### RECORDS SUPPLIED
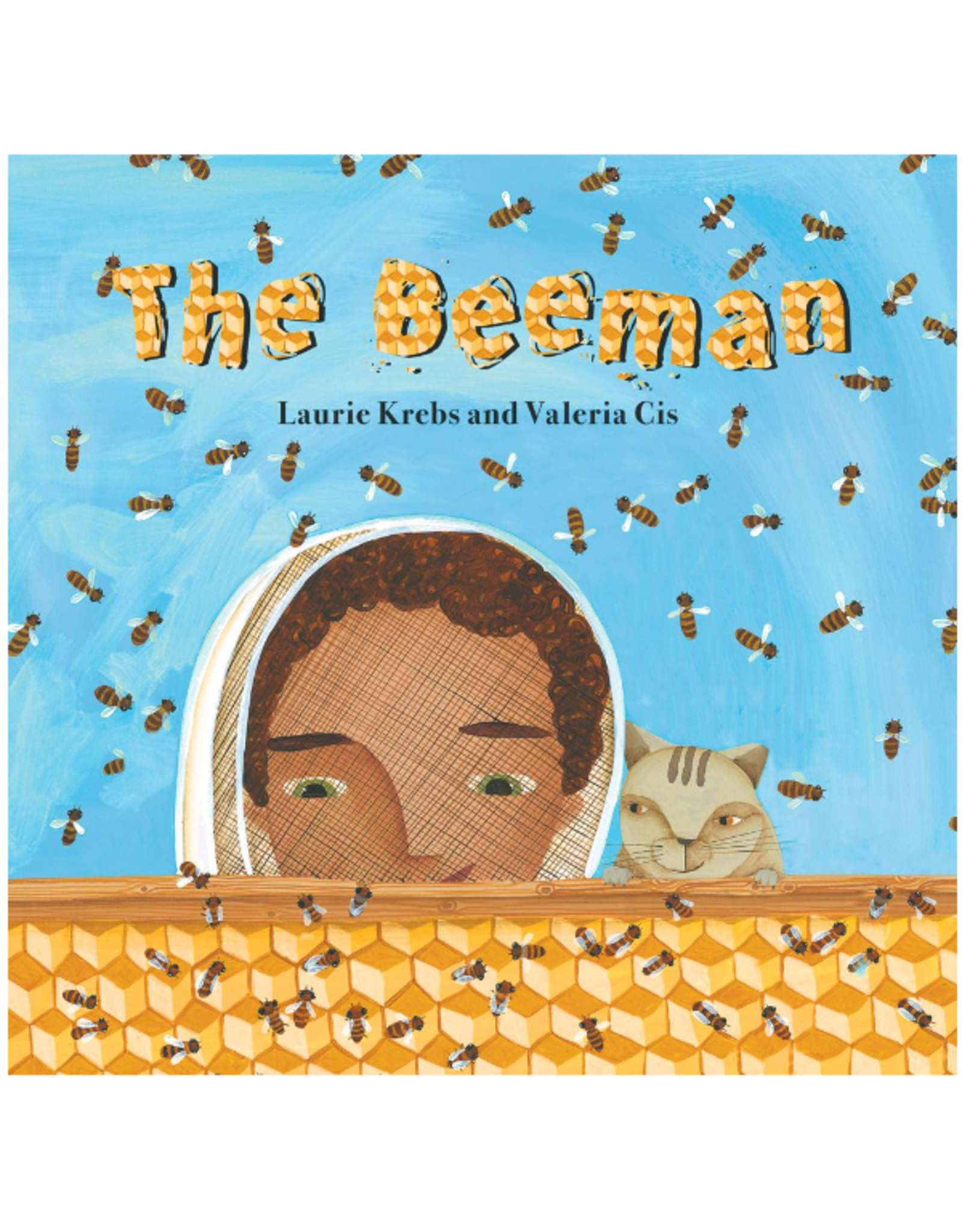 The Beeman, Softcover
---
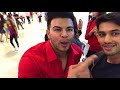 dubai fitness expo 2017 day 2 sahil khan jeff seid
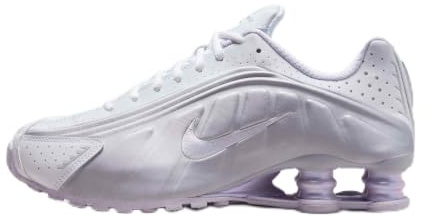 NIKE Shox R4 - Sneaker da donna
--
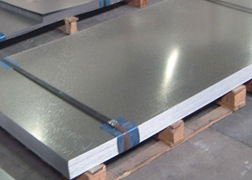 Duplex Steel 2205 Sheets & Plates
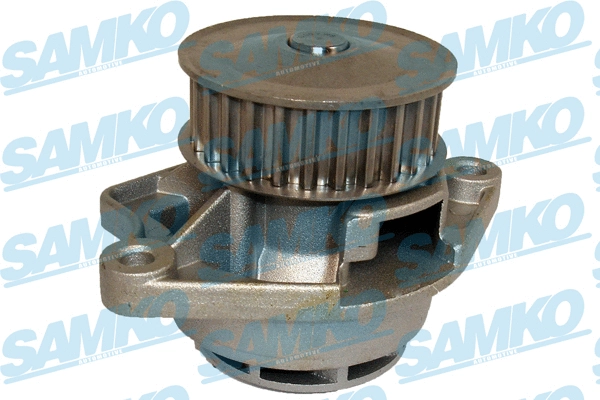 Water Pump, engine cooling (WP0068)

### EXERCISE OBJECTIVE
What is needed is an exact copy of the lines above, from the one holding "dubai fitness expo" down to the one holding "NIKE Shox R4 - Sneaker da donna", with those two included and the pictures left out.

### TASK RESPONSE
 dubai fitness expo 2017 day 2 sahil khan jeff seid
 NIKE Shox R4 - Sneaker da donna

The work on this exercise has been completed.